I will always remember a moment in India, in the ladies room of a fancy hotel, where I and an unknown Indian lady both took our make-up bags out in front of the mirror. Simultaneously we both started rubbing make-up on our faces, me putting some brown tanning powder on my pale skin and she whitening her bronze skin with snow-white powder. Watching each other in the mirror made both of us burst into big smiles.
Back to Cambodia. The Phnom Penh-based team of Children of Cambodia has experienced a lot during the last quarter of a year, from typhoid fever and a stubborn battle against corruption to the genuine happiness resulting from successful work and progress.

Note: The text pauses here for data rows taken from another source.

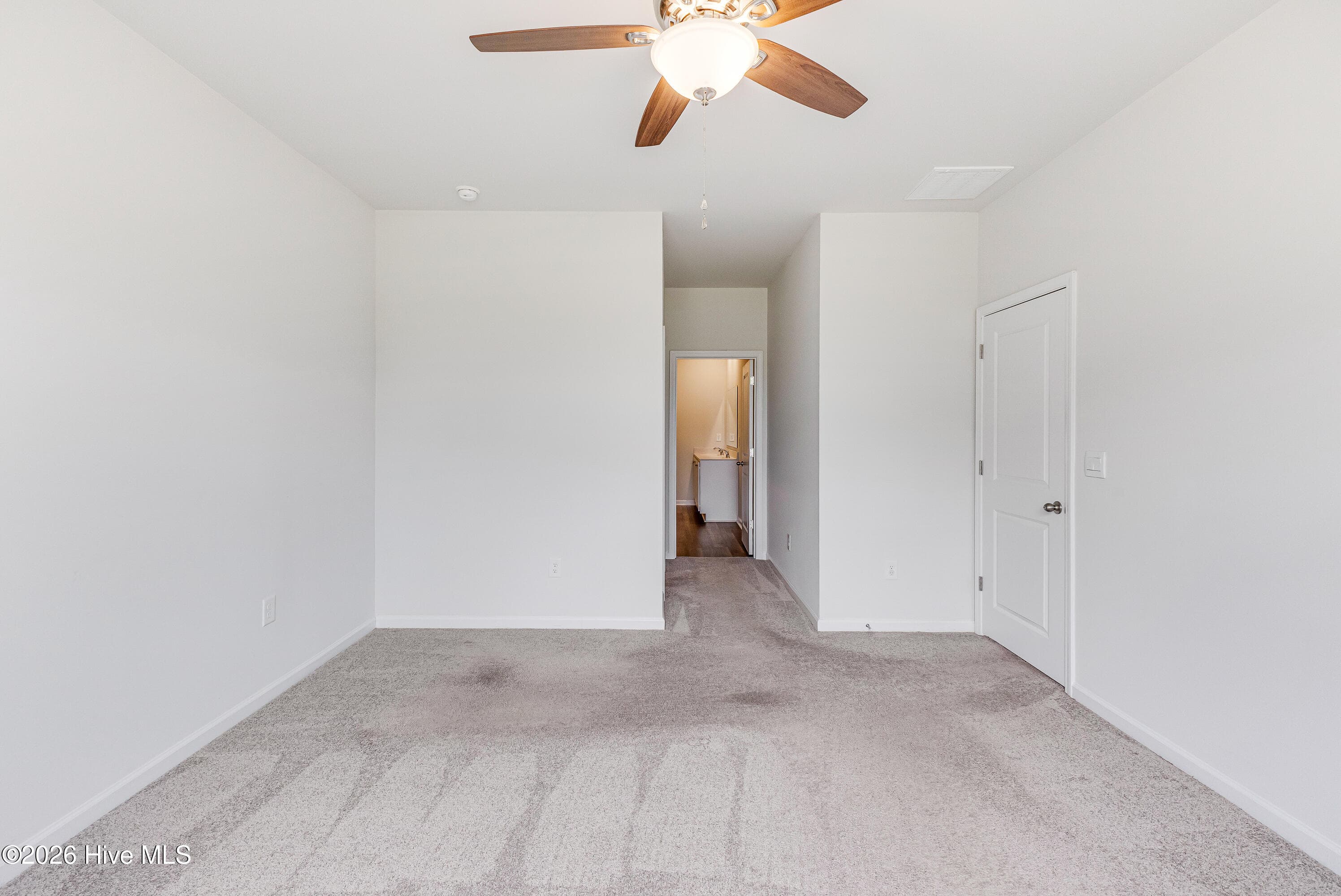 Single Family Residence at 1038 Burled Oak Ridge Loop SE, Bolivia, NC 28422, photo 53 of 91
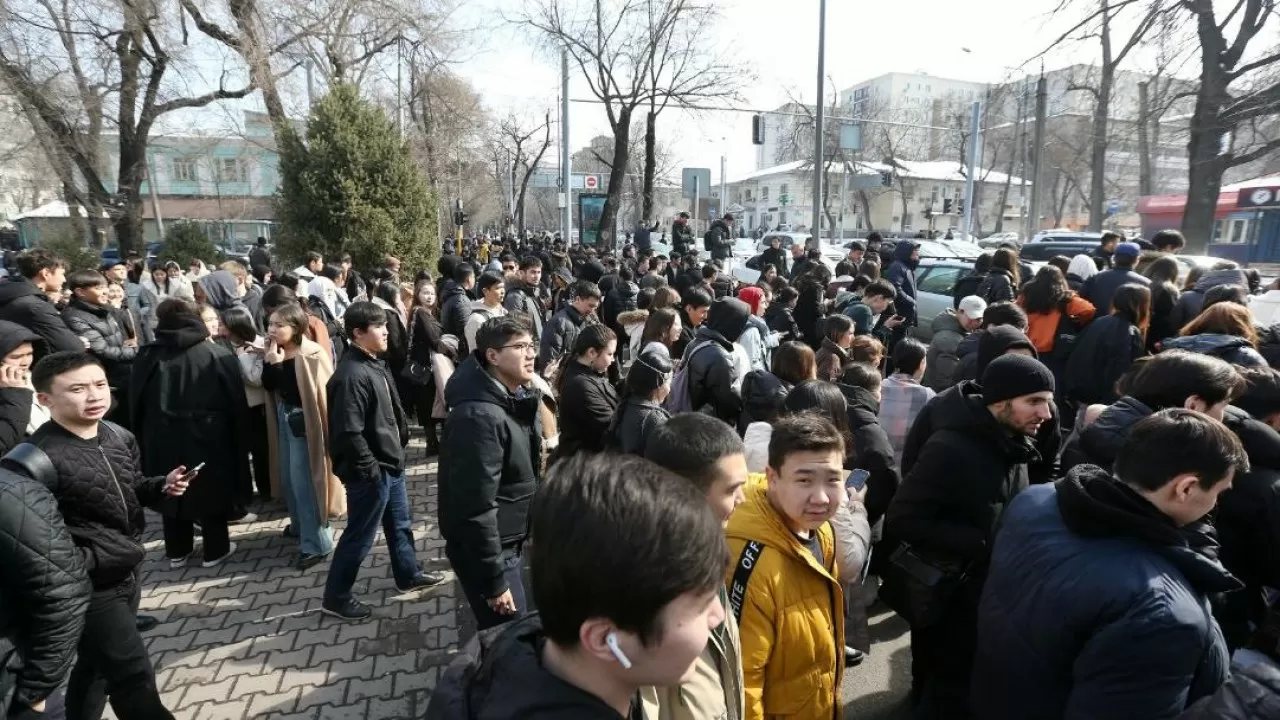 В Алматы после землетрясения в пункты приема обратились более 1,1 тысячи человек
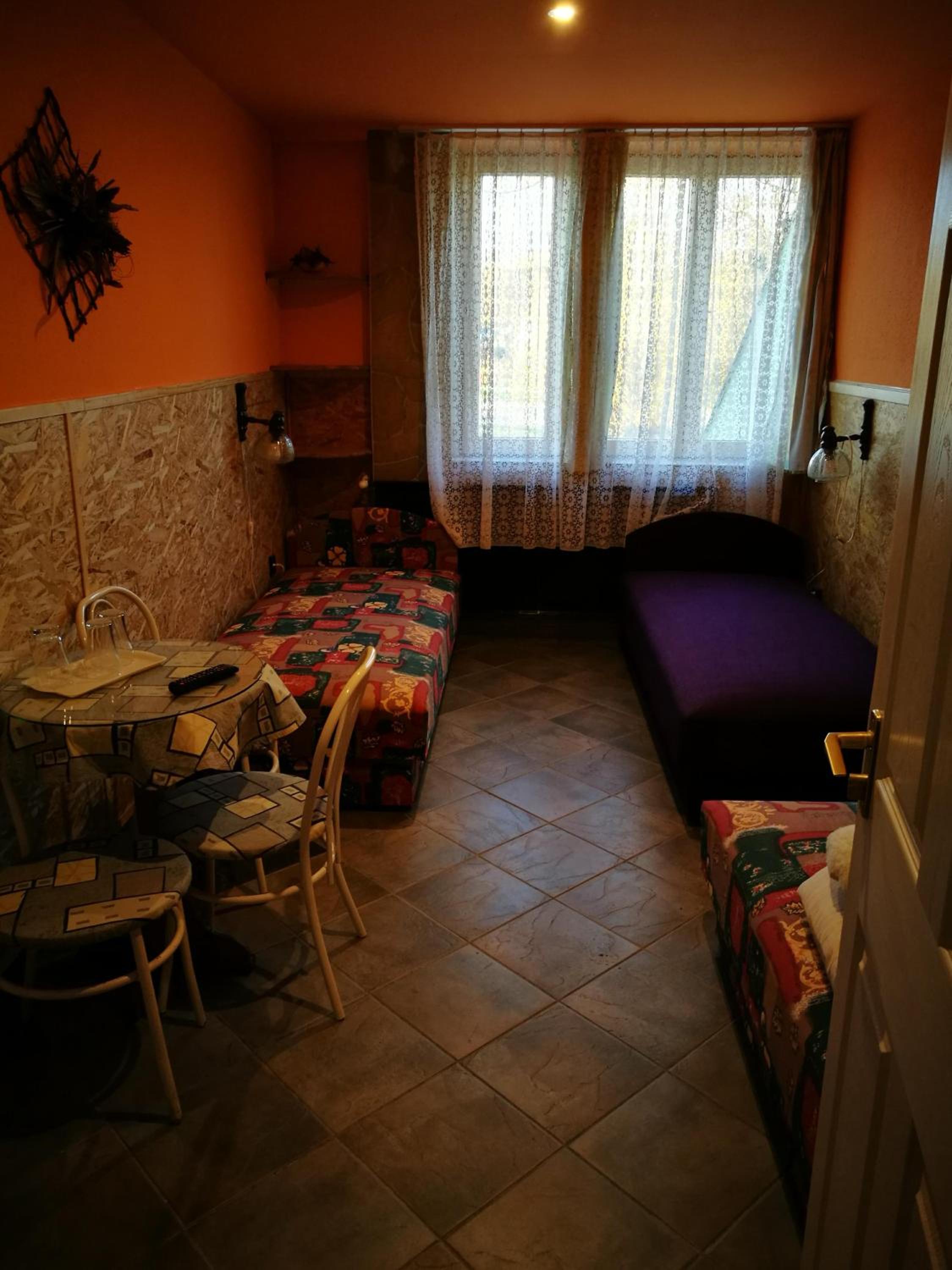 Basic Triple Room - Photo 7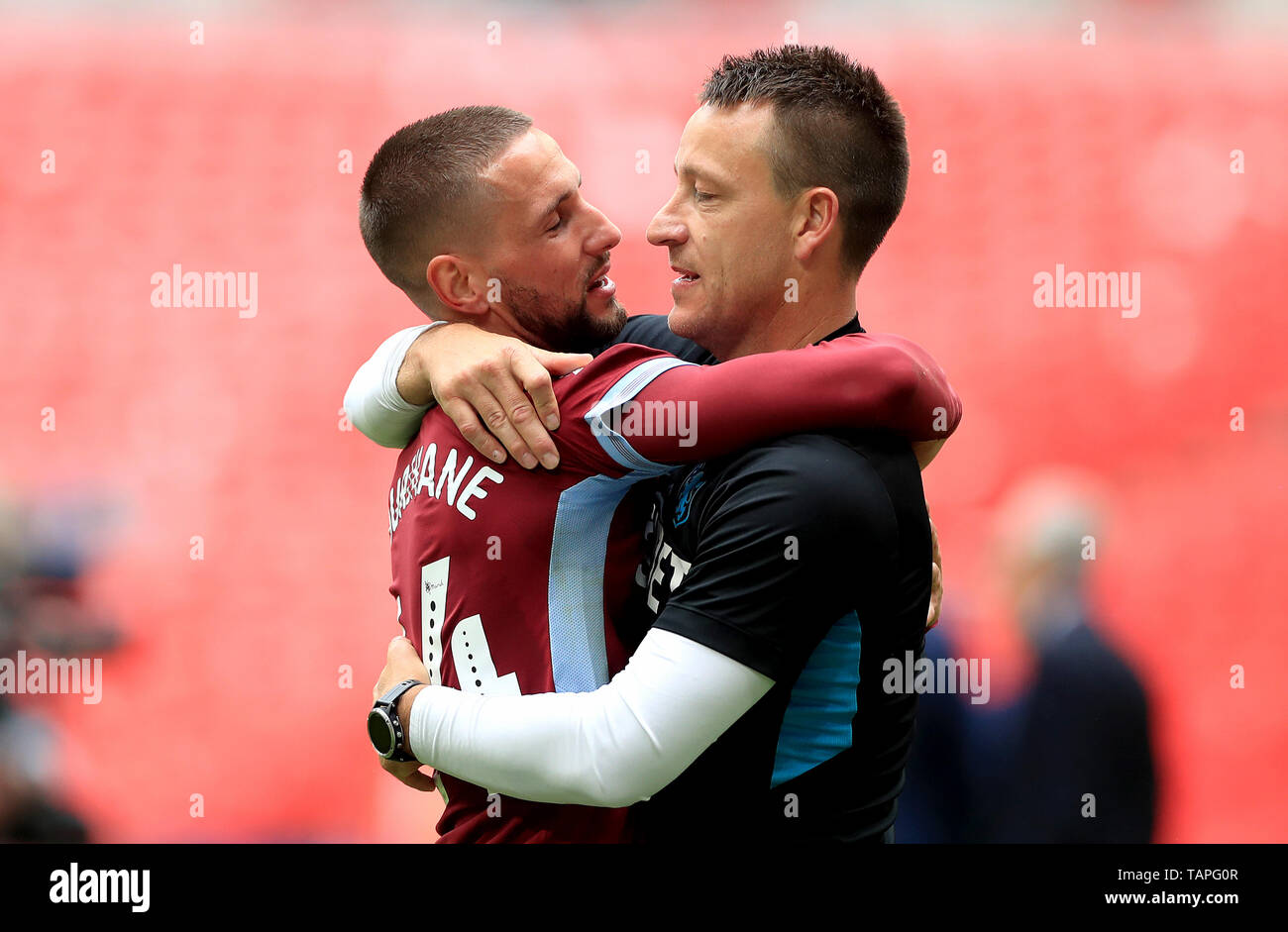 Aston Villa Conor Hourihane (links) und Trainer John Terry (rechts) nach den Himmel Wette WM-Play-off-Finale im Wembley Stadion, London. Stockfoto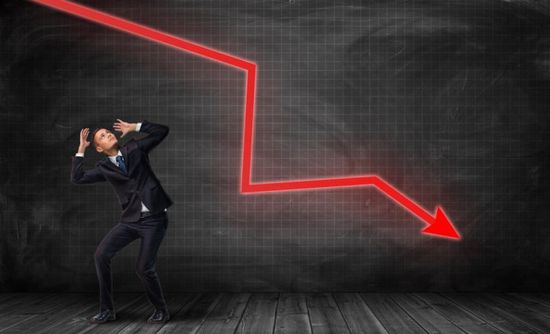 الخوف يسيطر على وول ستريت ومؤشر الجشع يهبط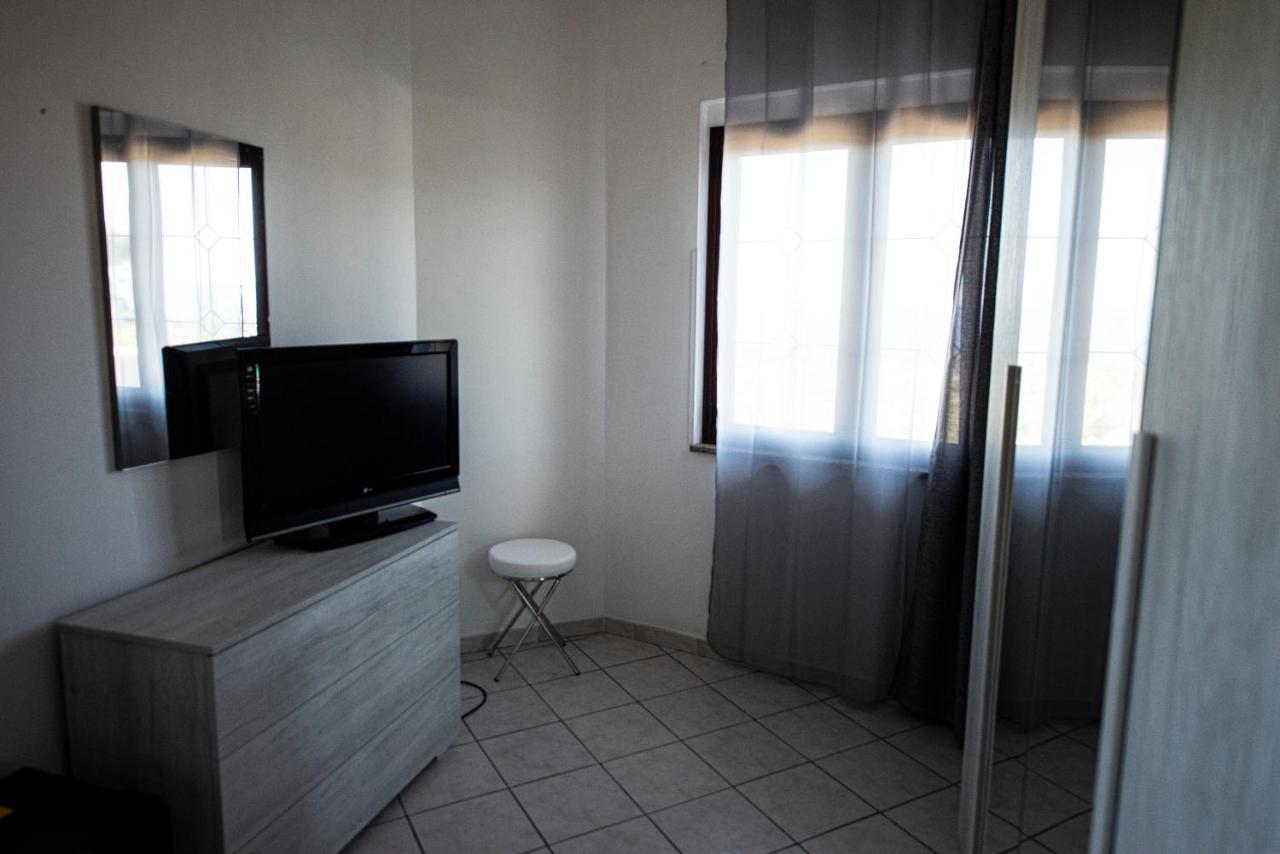 B&B Esterita Parghelia Bagian luar foto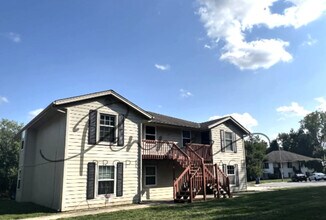 Building Photo - 705-D NE BALL DR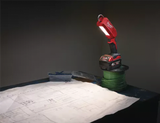 torcia-Milwaukee-M18-IL0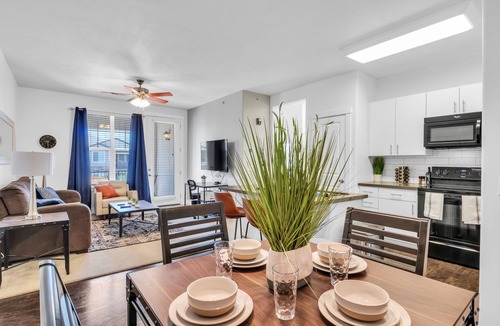 Draper Apartment | 4K TVs ★Cali King Bed | Fast WiFi | Near Hospital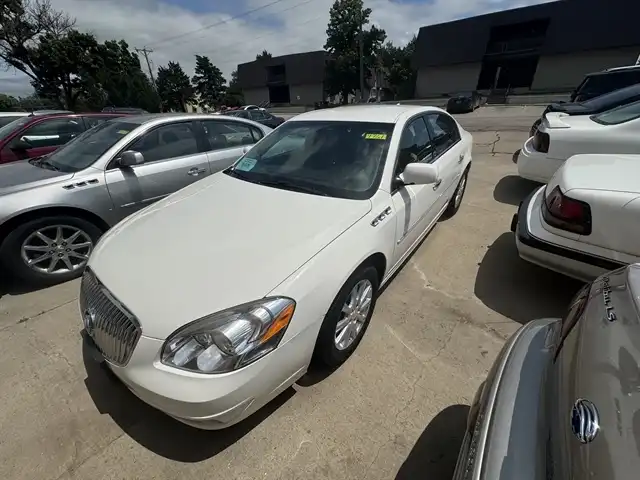 2011 Buick Lucerne CXL's photo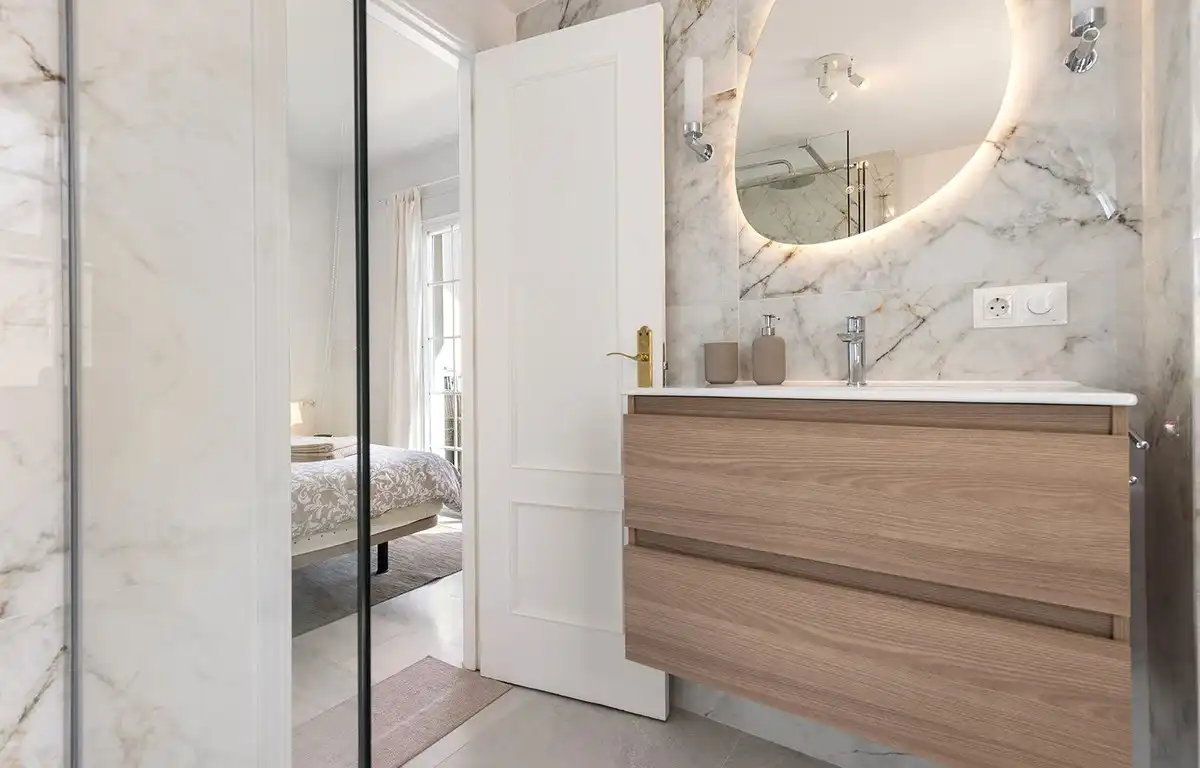 Baño de Apartamento en venta en Torremolinos con Aire acondicionado, Amueblado y Piscina comunitaria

In the beginning, the peculiar situations in different offices, where we were directly and indirectly asked for a "financial contribution," made us feel amused and slightly awkward. Now our sense of humor is limited. Not that the situations wouldn't be funny anymore: Last week, I was seriously asked for 50 liters of petroleum and office supplies by an administrative officer in the Ministry of Social Affairs.
Our Finnish volunteer, Anneli Weiste, with a baby she named Marketta after it was found abandoned in a local market.
Surely the fact that we refuse to pay any corruption money has been able to slow our work, and the message: "you must pay if you want to help", doesn't feel good. However the real reason for the lack of humor is the dreadful effect of widespread corruption in the fields of our projects. For example, as the numbers of children forced into sex slavery rise, the number of victims rescued from brothels by the police is close to zero. Both the police and the justice system have been silenced by money and organized criminal networks are controlling the playground. Because of this situation we have been concentrating in establishing networks to start systematic raids of brothels. Of cource, you would hope - and you would think - that some more powerful and influential leaders would show more interest in the issue...
Children of Cambodia has recently negotiated emergency aid for the struggling Nutrition Center Orphanage. We can feed the children for a period of approximately 6 months from the emergency funding. Our goal is to get more sponsors so that when the emergency funding runs out we are able to continue the food program and provide volunteers. The need for volunteers is great. With their help we ensure that the food and milk purchased by us reaches the right destination- the children. With the help of volunteers the children can also learn various skills, for example how to play and interact. Two British volunteers who recently completed their work in the NC were replaced by an American and a Finn.